It shouldn’t be assumed that everyone who owns a website is well-versed in the dangers of cybercrime. While many have been given the full briefing on where not to leave personal details and how hackers can access sensitive data, many of website owners still leave their websites open to threats sometimes by accident, and sometimes as a result of limited knowledge.
1. Invest in a firewall
Many website owners may not be aware that there are both software and hardware firewalls. Hardware firewalls resemble a plug-in hard drive or any other piece of USB storage, except their purpose is to filter any proxy data that comes in and out of your server. The second is the kind that most people will be familiar with – a software firewall that can be downloaded in conjunction with your current operating system. It should be noted that just because you have one form does not mean you can’t use the other. Using both hardware and software firewalls are great for maintaining good online security.
2. Utilize passwords
While it may seem common sense to not use your birthday or your mother’s maiden name as your password (and in fact, many hosts demand far more variety from you), it’s good practice to keep your passwords diverse, and uniformly complex. It is advised that, if you are working as part of a larger organization, you impose a strict code on all employees to use a password that has a mixture of upper and lower cases and numbers and symbols.

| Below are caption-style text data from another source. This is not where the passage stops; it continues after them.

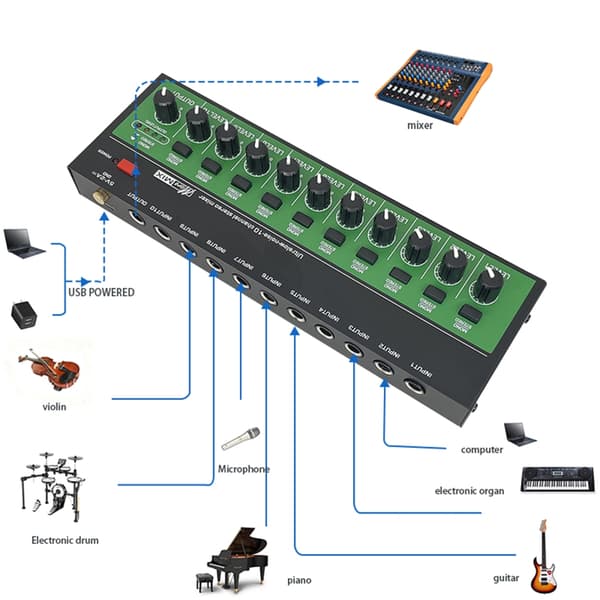 Lydmixer 10-kanals stereomixer til studie- og live-lydapplikationer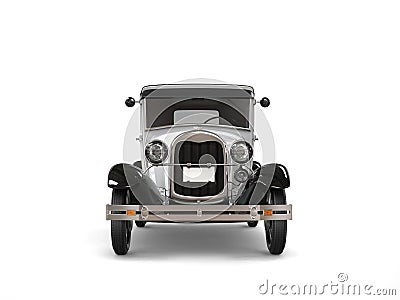 Cool oldtimer silver vintage car - front view Stock Photo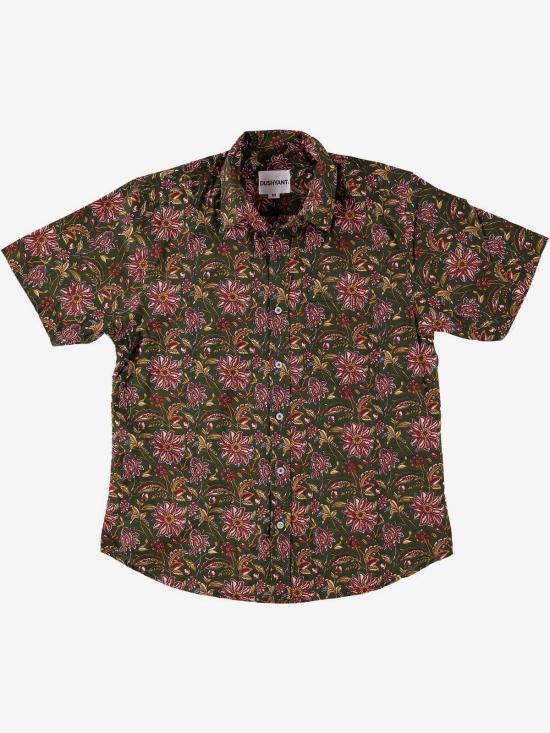  DUSHYANT 반팔 셔츠 Dushyant 민속  프렌치 그린 - DUSHYANT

3. Get regular assessments
Cybercrime continually changes, as does technology, which means that once you’ve implemented some prevention tactics, you’re not necessarily covered for life. Reassessing your cybersecurity regularly is one of the best ways to prevent against threats. Use IT services, such as Torix, to put in place the sound infrastructure that’s needed in order to avoid cyber attacks. They also have the knowledge reassess your current prevention methods and evaluate whether they are truly working or not.
4. Ensure you use HTTPS
Ever got that warning that the website you’re using isn’t secure? The reason for that little message is because web browsers such as Google Chrome will now alert visitors that the site they’re on isn’t secure. In order to prevent this message, your website will need an SSL certificate, meaning that visitors won’t be worried about their details being compromised, which include:
- Payment details
- Contact details
- Their personal information, including their address
Search engines will rank your website lower if you don’t use an SSL certificate. This is because search engines are prioritizing safety for visitors who use their website, helping to ensure their own credibility.
If you’re worried about your website being secure for visitors and your personal information, the best route to take is to get some expert guidance. Using an IT service provider will help to give you accurate guidance on how best to keep your website’s information safe and secure. By ensuring that your site is reliable and safe to use, you can rest assured that this will be one feature that won’t impinge on its success.